In mid November 2006 my wife and I came across an online posting for AKC registered bull terrier puppies advertised for sale by D&A Kennels in Brooklyn, NY. I presume that D&A is probably short for Dawn & Anton since the two kennel representatives that I dealt with during this adventure were named Dawn and Anton. Through email and phone we contacted D&A and arranged to visit their facility.
On November 25, 2006 we traveled from our home in New Jersey to D&A in Brooklyn. When we arrived we met Dawn who informed us that not only are their bull terriers of the highest quality but that all of D&A's dogs come with a full 5 year health guarantee. Furthermore, a 14 day no questions asked full money back written guarantee was also offered and accepted as part of the purchase transaction.
We selected a 9 week old brown and white female bull terrier puppy that appeared at the time to be healthy and vigorous and purchased the dog from D&A for $1,400 cash. Sadly, within 3 days of purchase the dog became desperately ill. We immediately contacted D&A but they did not respond until days later.
When I finally got through to Anton, to my surprise, he told me that I should remove the dog from the hospital and bring the animal back to Brooklyn so he could put it on IV medication himself. I asked if he was a doctor of veterinary medicine, or even if he had any professional training in this field. He said he wasn't a vet but that he "knew more about these things than most vets". He said something to the effect that most vets scam people out of too much money in caring for sick animals.
Given the circumstances, this seemed a really inappropriate thing to hear from a supposedly reputable breeder. I told Anton that I thought the best place for the puppy was in the hospital, not back in his kennel. I also began to have serious doubts about the professionalism of D&A Kennels.
Soon after this conversation the dog died from Parvo virus. Aside from the gut wrenching grief in dealing with a desperately ill puppy I had lost a great deal of money. Between the cost of the dog and the medical expenses I was out over $4,000. At first, Anton promised a prompt refund and a replacement dog. But as days turned into weeks I came to realize that D&A had no intention of fairly compensating me for my losses.
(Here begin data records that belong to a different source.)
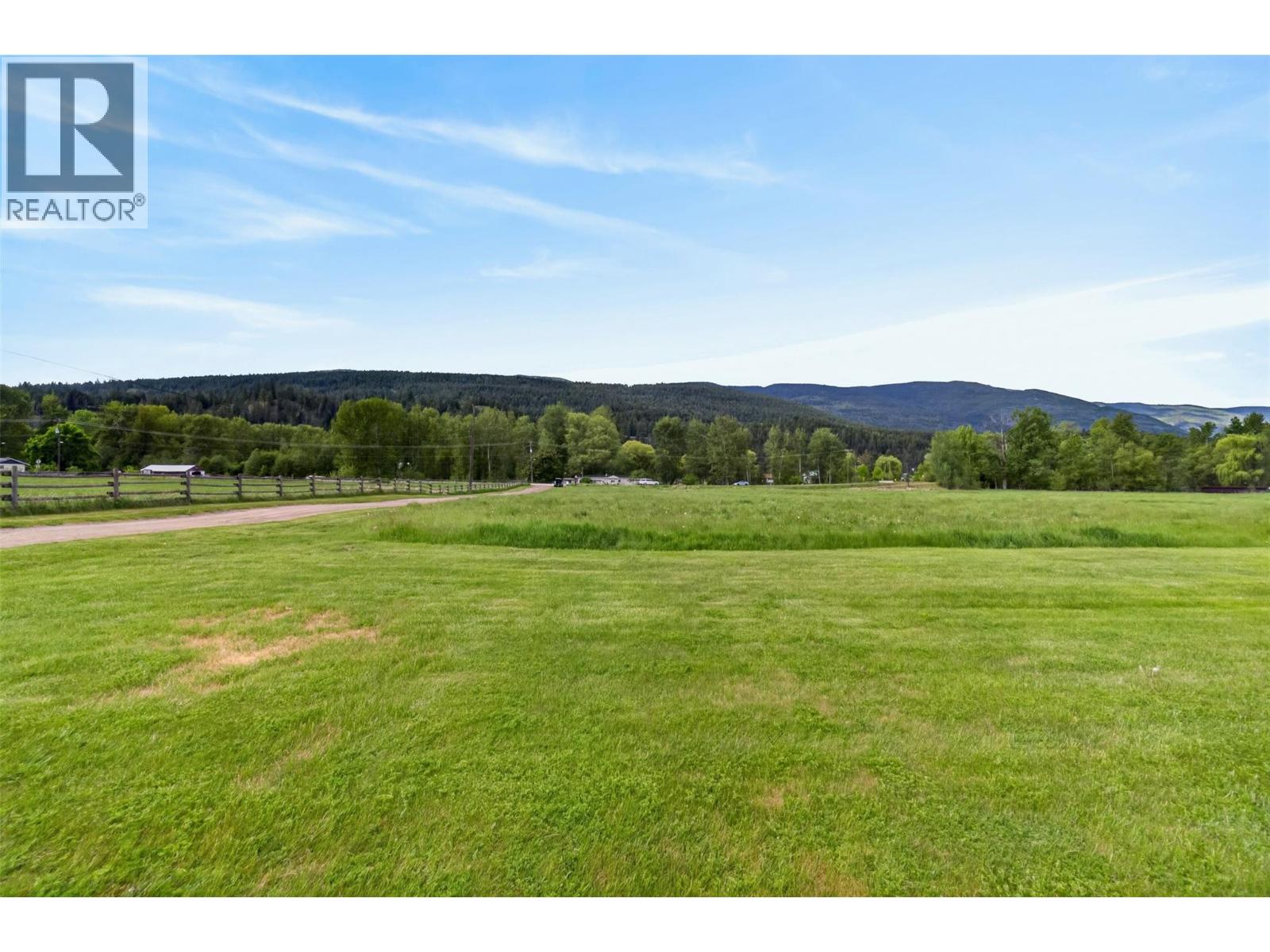 1403 Salmon River Road, Salmon Arm, British Columbia  V1E 3H3 - Photo 51 - 10387936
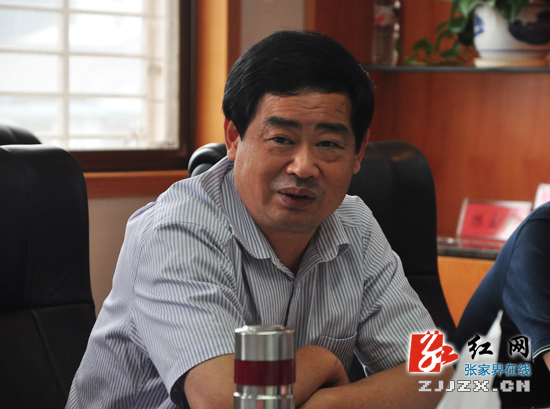 【警视窗】杜芳禄、刘绍建视察全市治安视频监控系统建设运行情况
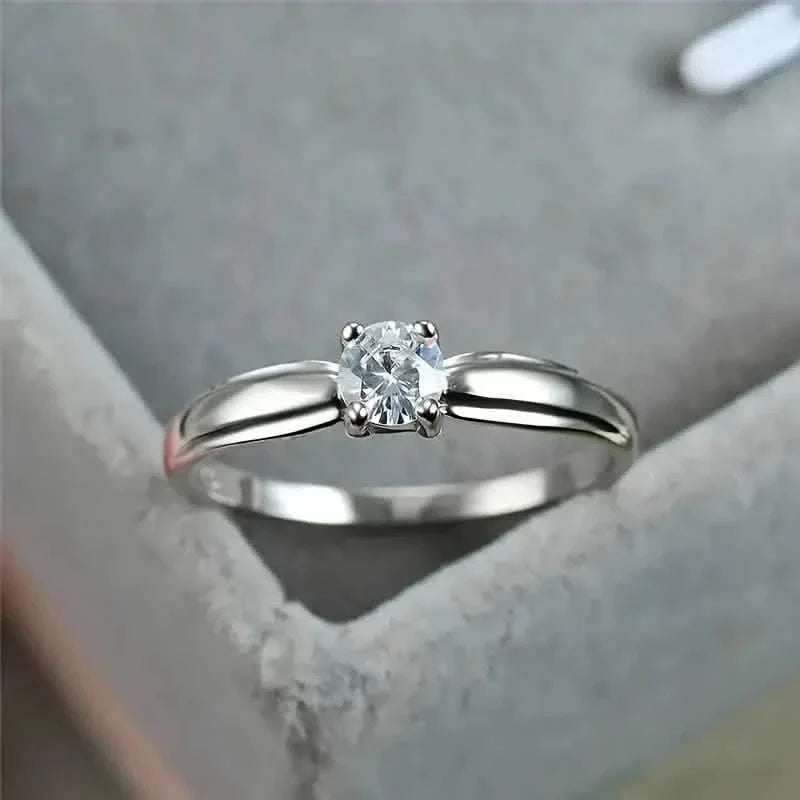 Classic 4-prong Set Round Zirconia Ring For Women 3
After several attorneys letters and many cajoling phone calls I finally received a partial refund from D&A which still leaves me over $3,000 in the hole not to mention the emotional grief that naturally accompanies a chain of events such as this.
Things finally came to a head right around Christmas day when I called Anton to inquire as to the status of the replacement dog he'd promised. Instead of dealing with me in a decent manner, he became verbally abusive and insulting. Among other things, he claimed that I had nothing better to do than "bust his balls" on the Christmas holiday.
I found this to be a particularly ironic insult. Because my Christmas present to my wife was supposed to be the lethally diseased bull terrier puppy that he sold me. As things stand today, we are considering additional legal action against D&A. But in the meantime I am posting this message in the hope that no other innocent people get scammed by these creeps the way that I did.
Bottom line, I would urge anyone in the market for a bull terrier puppy to avoid D&A Kennels like the plague. Instead, do what I should have done in the first place. Go to the BTCA (Bull Terrier Club Of America) website and research reputable breeders from that organization.